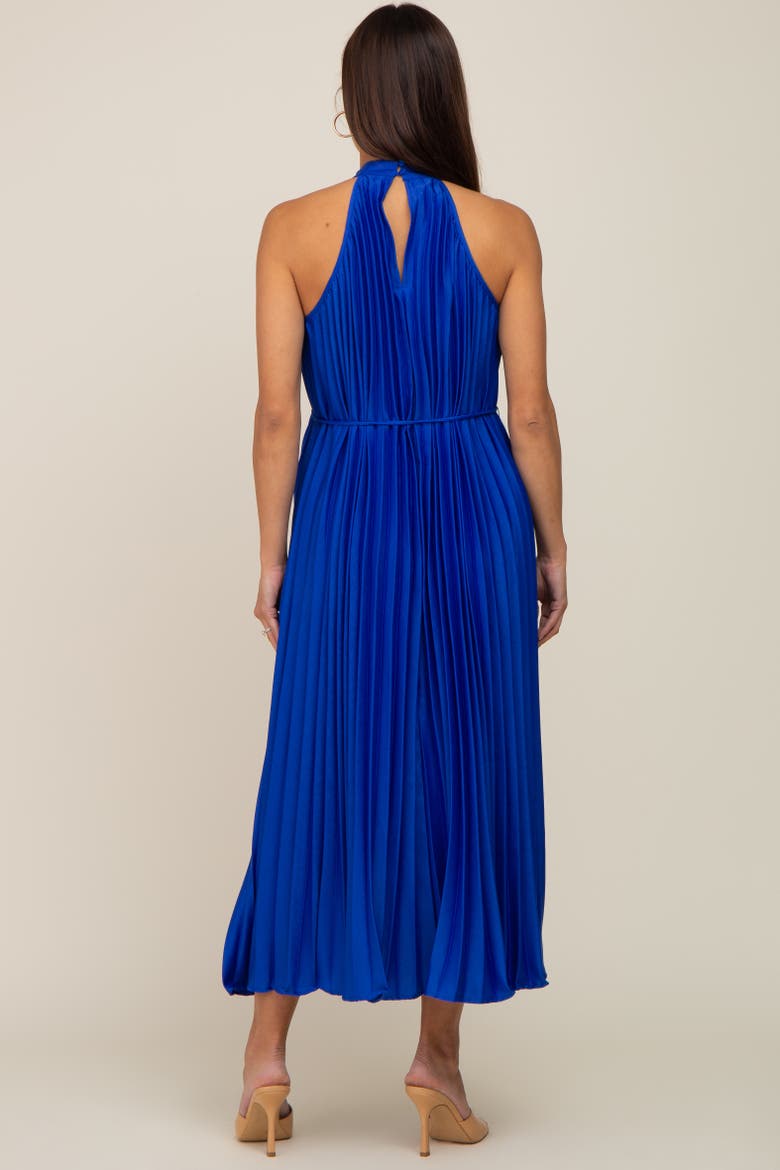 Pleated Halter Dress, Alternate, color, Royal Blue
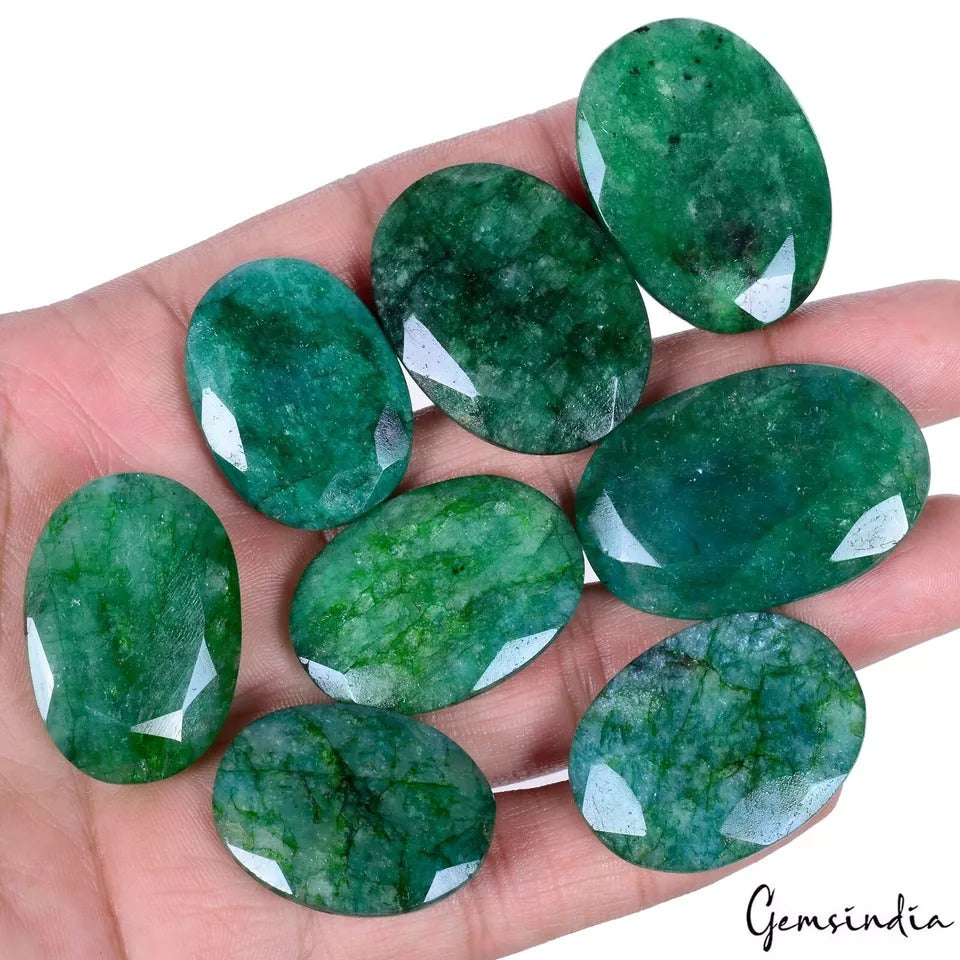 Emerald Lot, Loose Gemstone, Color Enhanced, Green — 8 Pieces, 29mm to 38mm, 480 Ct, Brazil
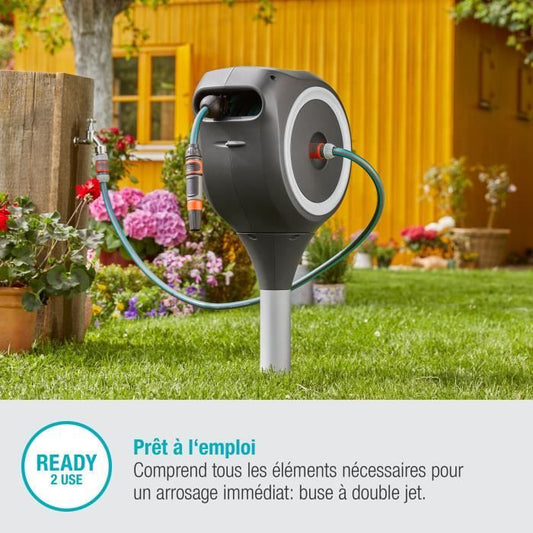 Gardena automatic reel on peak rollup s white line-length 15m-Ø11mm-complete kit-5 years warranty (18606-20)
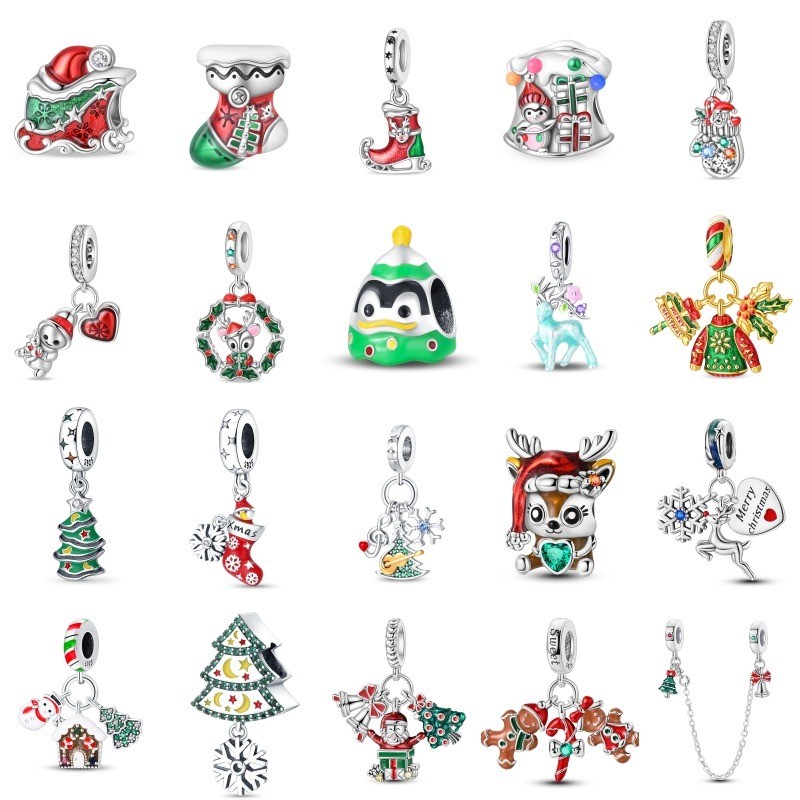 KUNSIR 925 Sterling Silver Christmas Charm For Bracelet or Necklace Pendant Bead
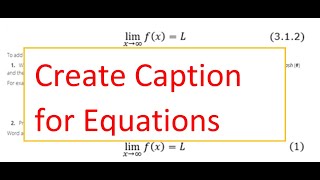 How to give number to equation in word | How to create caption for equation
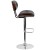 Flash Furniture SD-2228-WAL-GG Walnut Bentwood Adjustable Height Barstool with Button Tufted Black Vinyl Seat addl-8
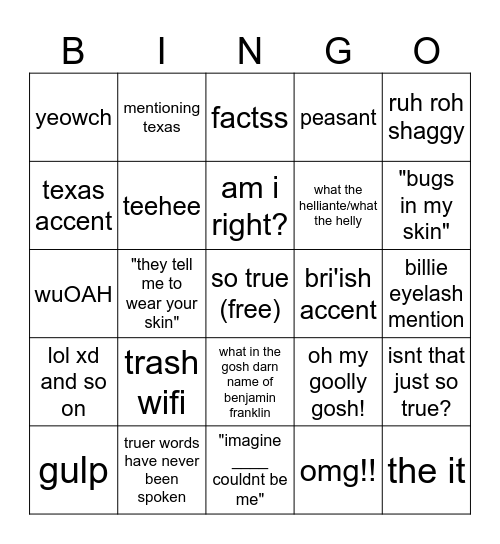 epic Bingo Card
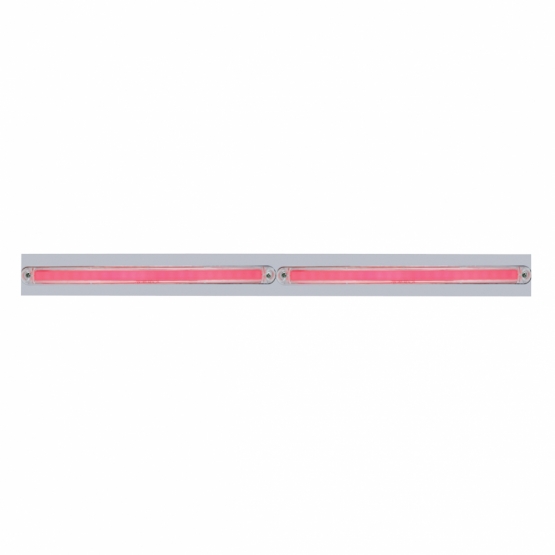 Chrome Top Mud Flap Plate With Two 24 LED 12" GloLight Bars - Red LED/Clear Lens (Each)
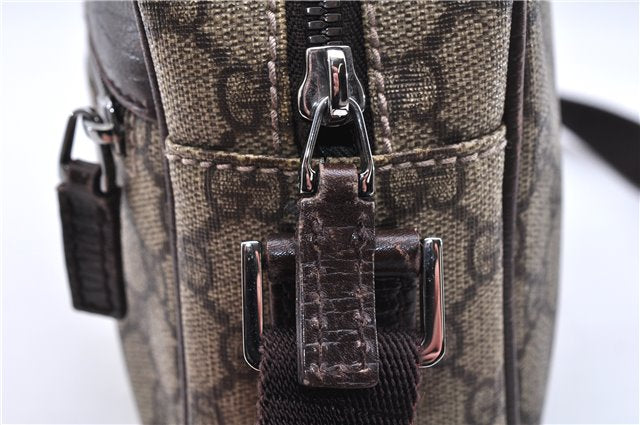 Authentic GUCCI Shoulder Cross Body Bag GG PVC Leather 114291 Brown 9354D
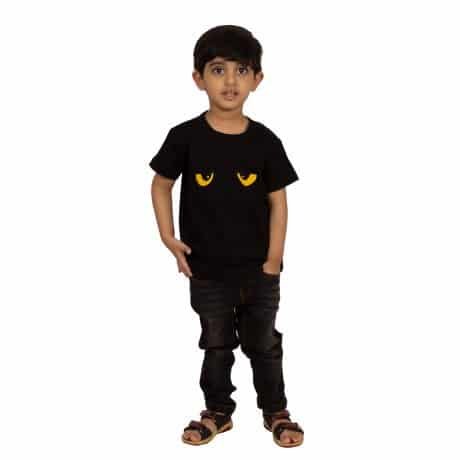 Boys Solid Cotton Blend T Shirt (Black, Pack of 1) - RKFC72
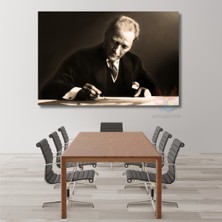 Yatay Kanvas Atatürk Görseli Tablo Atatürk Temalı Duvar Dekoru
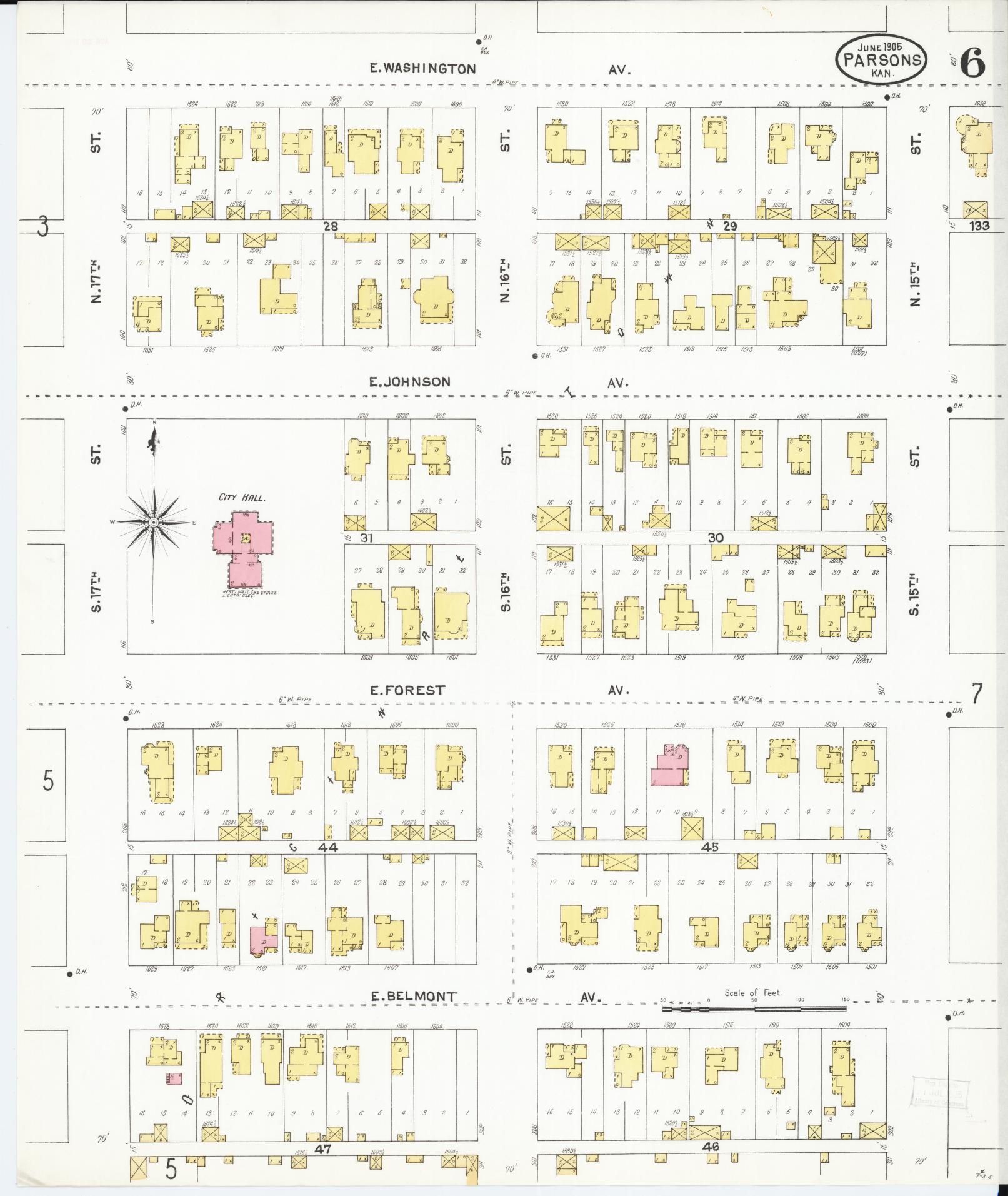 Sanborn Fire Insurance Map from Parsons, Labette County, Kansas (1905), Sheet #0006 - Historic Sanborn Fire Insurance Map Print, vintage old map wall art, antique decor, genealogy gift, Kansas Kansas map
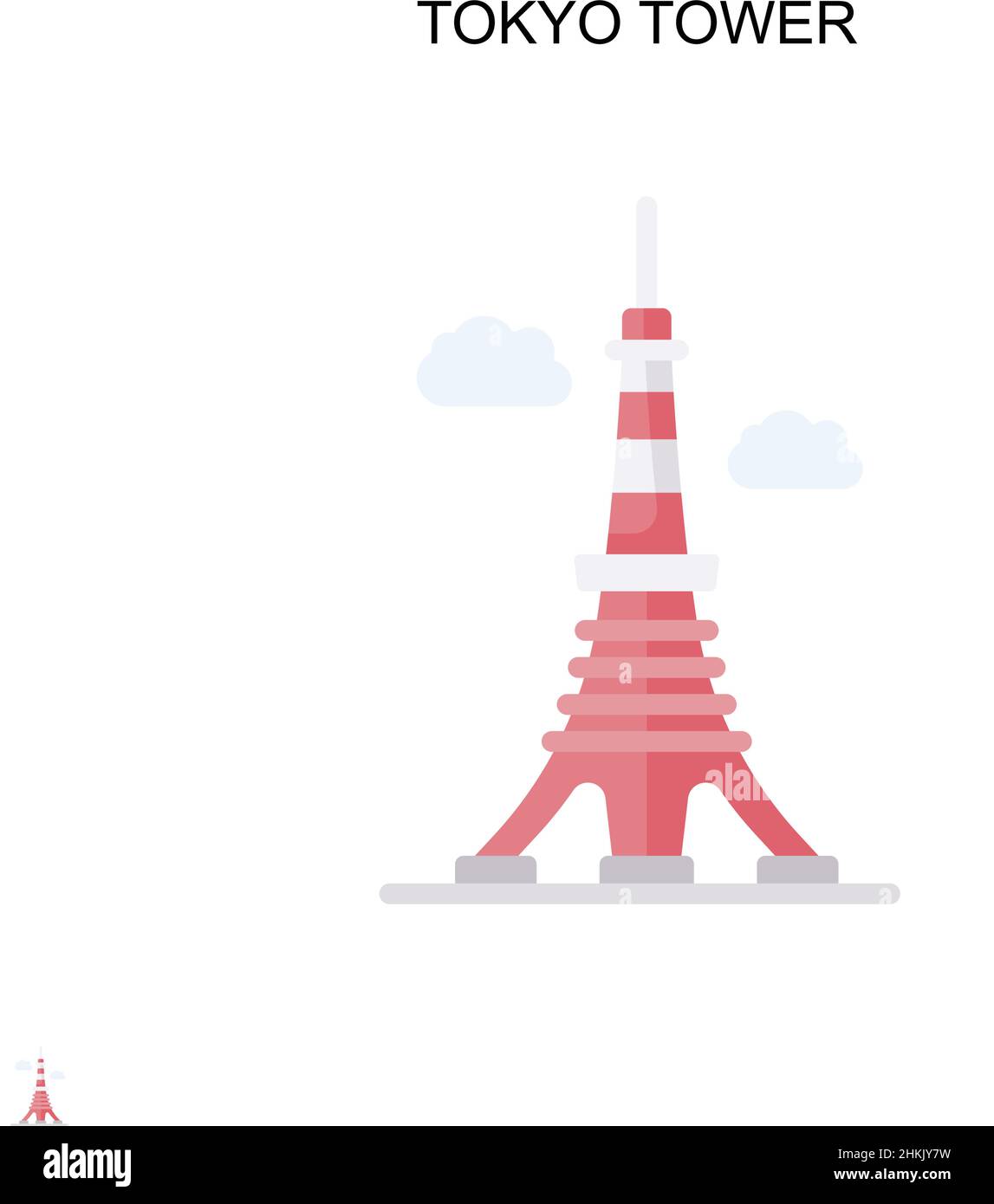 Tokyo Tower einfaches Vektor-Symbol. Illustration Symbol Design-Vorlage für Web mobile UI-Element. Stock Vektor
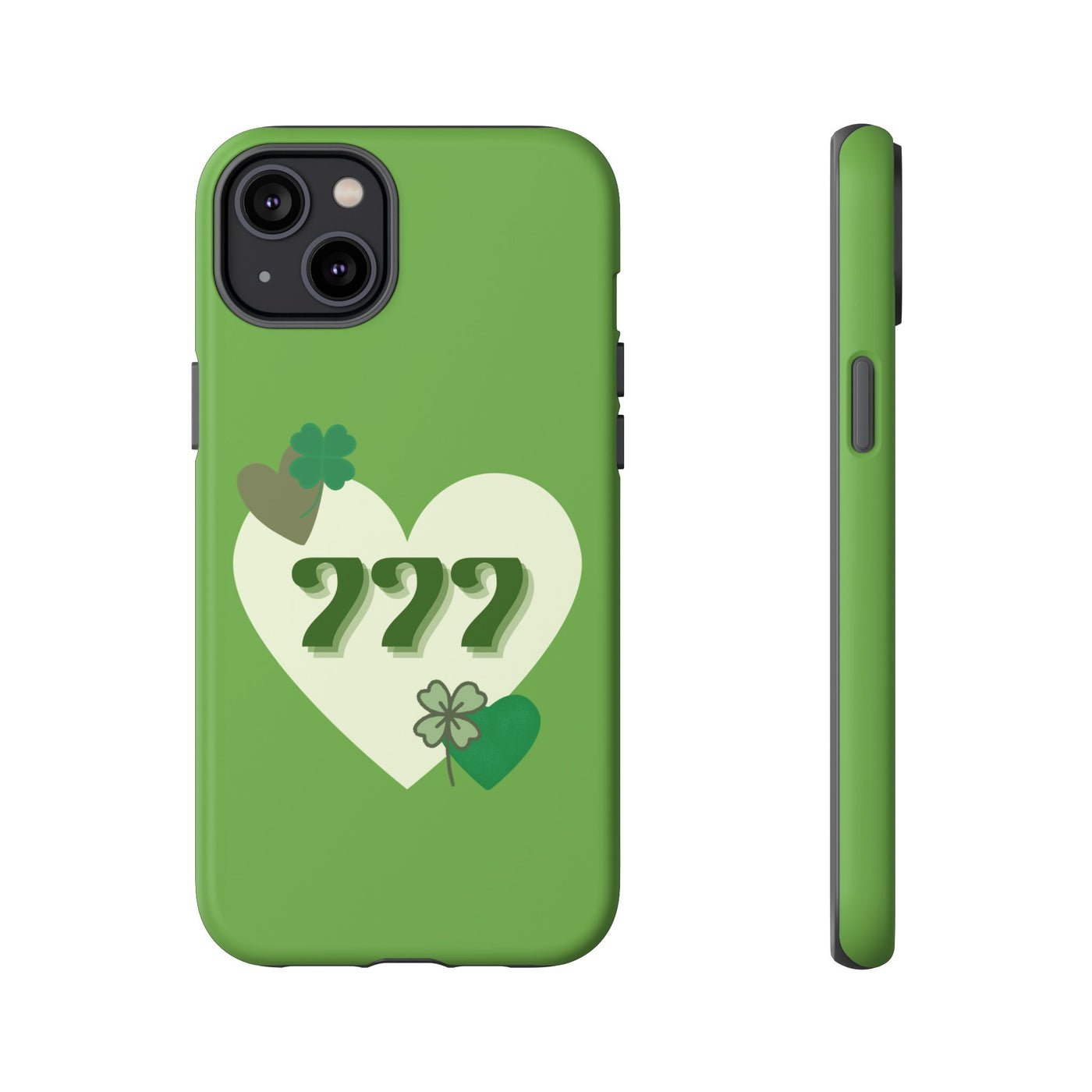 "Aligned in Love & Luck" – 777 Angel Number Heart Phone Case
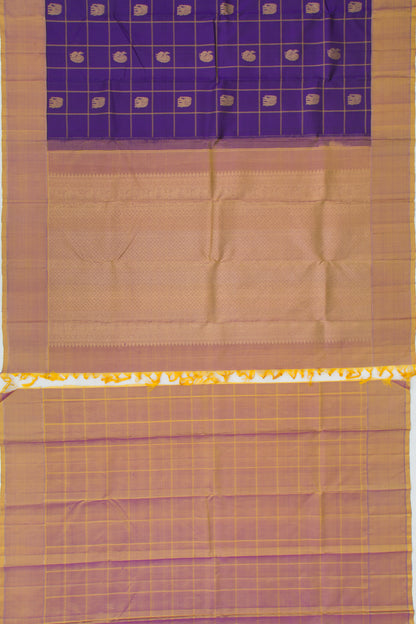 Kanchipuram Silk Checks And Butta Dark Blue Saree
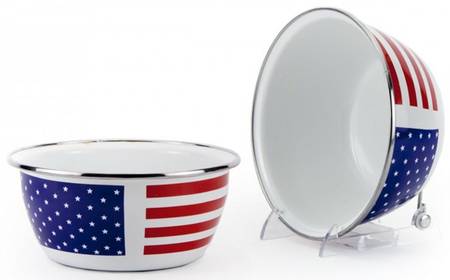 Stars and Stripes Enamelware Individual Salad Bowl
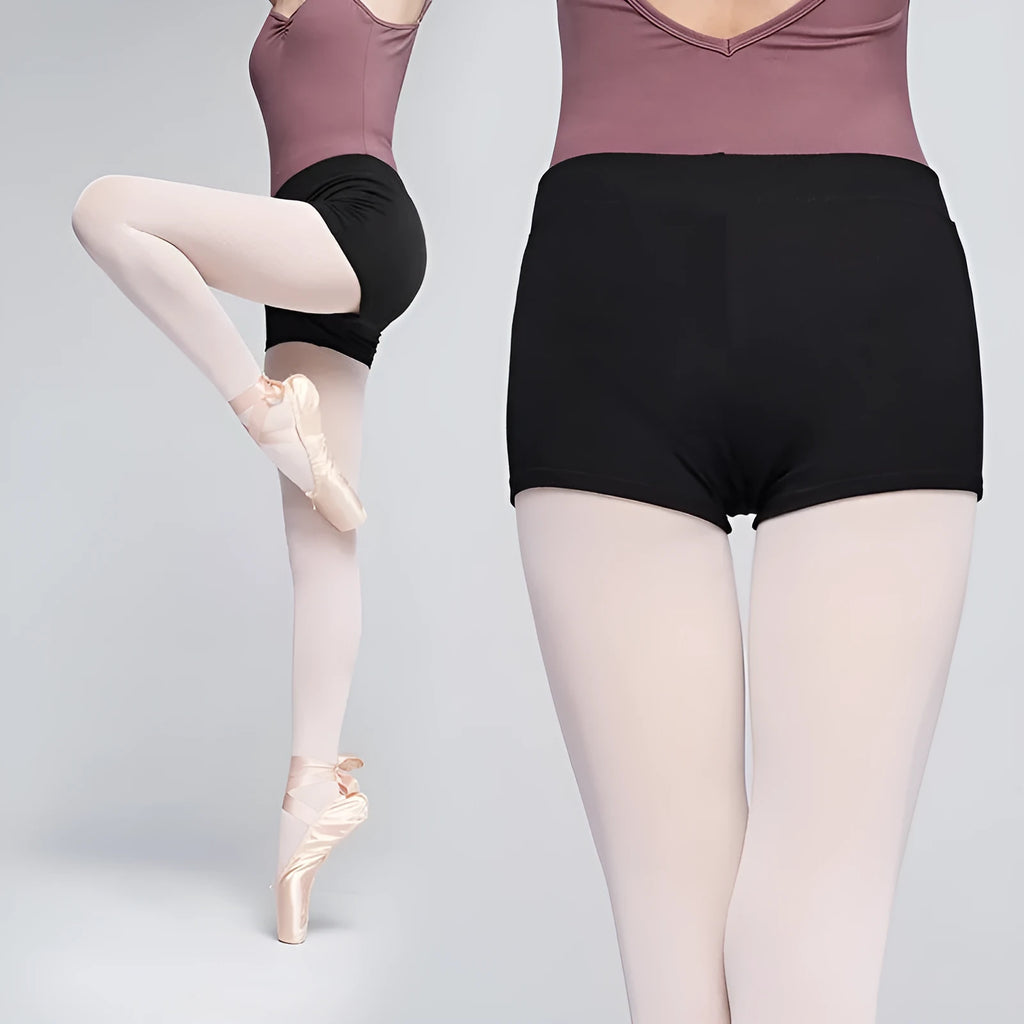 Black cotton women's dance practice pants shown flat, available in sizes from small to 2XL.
───
• **The problem**
This task calls for an exact copy of the data above, without pictures.

• **Expected output**
 Pleated Halter Dress, Alternate, color, Royal Blue
 Emerald Lot, Loose Gemstone, Color Enhanced, Green — 8 Pieces, 29mm to 38mm, 480 Ct, Brazil
 Gardena automatic reel on peak rollup s white line-length 15m-Ø11mm-complete kit-5 years warranty (18606-20)
 KUNSIR 925 Sterling Silver Christmas Charm For Bracelet or Necklace Pendant Bead
 How to give number to equation in word | How to create caption for equation
 Flash Furniture SD-2228-WAL-GG Walnut Bentwood Adjustable Height Barstool with Button Tufted Black Vinyl Seat addl-8
 epic Bingo Card
 Chrome Top Mud Flap Plate With Two 24 LED 12" GloLight Bars - Red LED/Clear Lens (Each)
 Authentic GUCCI Shoulder Cross Body Bag GG PVC Leather 114291 Brown 9354D
 Boys Solid Cotton Blend T Shirt (Black, Pack of 1) - RKFC72
 Yatay Kanvas Atatürk Görseli Tablo Atatürk Temalı Duvar Dekoru
 Sanborn Fire Insurance Map from Parsons, Labette County, Kansas (1905), Sheet #0006 - Historic Sanborn Fire Insurance Map Print, vintage old map wall art, antique decor, genealogy gift, Kansas Kansas map
 Tokyo Tower einfaches Vektor-Symbol. Illustration Symbol Design-Vorlage für Web mobile UI-Element. Stock Vektor
 "Aligned in Love & Luck" – 777 Angel Number Heart Phone Case
 Kanchipuram Silk Checks And Butta Dark Blue Saree
 Stars and Stripes Enamelware Individual Salad Bowl
 Black cotton women's dance practice pants shown flat, available in sizes from small to 2XL.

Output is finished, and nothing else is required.